StoryTeller Agent¶
The StoryTellerAgent transforms research findings into evidence-grounded narrative reports. It reads findings, evaluates evidence quality, cites sources, and writes structured markdown sections that assemble into a complete report.
How It Works¶
The storyteller operates in section-based writing. Each section of the narrative is defined in the config and written independently:
- Read findings -Loads all findings from the scientist's output
- Evaluate evidence -Classifies each finding by evidence tier
- Curate -Selects the strongest, most relevant findings for each section
- Write -Produces markdown with inline citations and visual references
- Assemble -Combines all sections into a final narrative report with table of contents
Available Tools¶
| Tool | Description |
|---|---|
read_findings |
Load and filter research findings (by theme, significance, keyword) |
read_table |
Read exported data tables from the scientist |
view_chart |
View charts produced by the scientist |
evaluate_evidence |
Classify findings by evidence tier |
cite_source |
Manage bibliography and inline citations |
write_narrative |
Write, read, update, and assemble narrative sections |
save_note |
Save editorial notes |
ask_human |
Pause and ask the operator a question |
See the Tool Reference for detailed parameter and return value tables.
Run Outputs¶
narrative/{config_name}/runs/{run_id}/
├── section_01_introduction.md
├── section_02_methodology.md
├── section_03_findings.md
├── ...
├── narrative_report.md # Assembled full report
├── bibliography.json # All cited sources
└── run_metadata.json # Run info, timing, state
Usage¶
from versifai.story_agents import StoryTellerAgent, StorytellerConfig
cfg = StorytellerConfig(
name="Churn Analysis Report",
thesis="Customer churn is driven primarily by...",
research_results_path="/tmp/results/churn",
narrative_output_path="/tmp/narrative/churn",
narrative_sections=[...], # Define report sections
# Domain-specific editorial guidance (optional)
domain_writing_rules=(
"Frame churn as a business risk, not a statistical curiosity. "

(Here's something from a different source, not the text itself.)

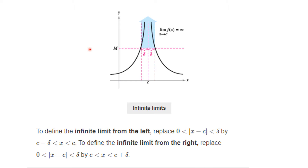Here's a picture. You see the M that we pick — no matter how large — and in this example, if you're within delta of c, the function is above M. To define the infinite limit from the left, we replace zero less than absolute value of x minus c less than delta by c minus delta less than x less than c. To define the infinite limit from the right, we replace it by c less than x less than c plus delta. The picture really says it all.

"Always translate effect sizes into revenue impact."
),
citation_source_guidance=(
"SaaS industry reports (Bessemer, OpenView), academic churn literature, "
"and company internal benchmarks."
),
)
agent = StoryTellerAgent(cfg=cfg, dbutils=dbutils)
# Full run
result = agent.run()
# Re-run specific sections
result = agent.run_sections(sections=[1, 2])
Domain Guidance Fields¶
The storyteller prompts are domain-agnostic. Use these config fields to inject editorial rules:
| Field | Purpose | Default |
|---|---|---|
domain_writing_rules |
Domain-specific editorial guidance (injected into system prompt) | "" (generic rules) |
citation_source_guidance |
Preferred citation sources for the domain | "" (generic academic sources) |
When these fields are empty, the agent uses generic editorial rules about evidence-based writing.
Editorial Review¶
The storyteller has a dedicated editor mode for human-guided revisions:
# Guided review with specific instructions
agent.run_editor(
instructions="Simplify the methodology section for a policymaker audience."
)
# Open-ended review -the agent asks what to improve
agent.run_editor()
Inter-Agent Dependencies¶
The storyteller reads outputs from a prior scientist run. Dependencies are declared in the config using AgentDependency:
from versifai.core.run_manager import AgentDependency
cfg = StorytellerConfig(
...,
dependencies=[
AgentDependency(
agent_type="scientist",
config_name="geographic_disparity",
base_path="/tmp/results/geographic_disparity",
),
],
)
The dependency resolver automatically finds the latest scientist run, or you can pin a specific run_id.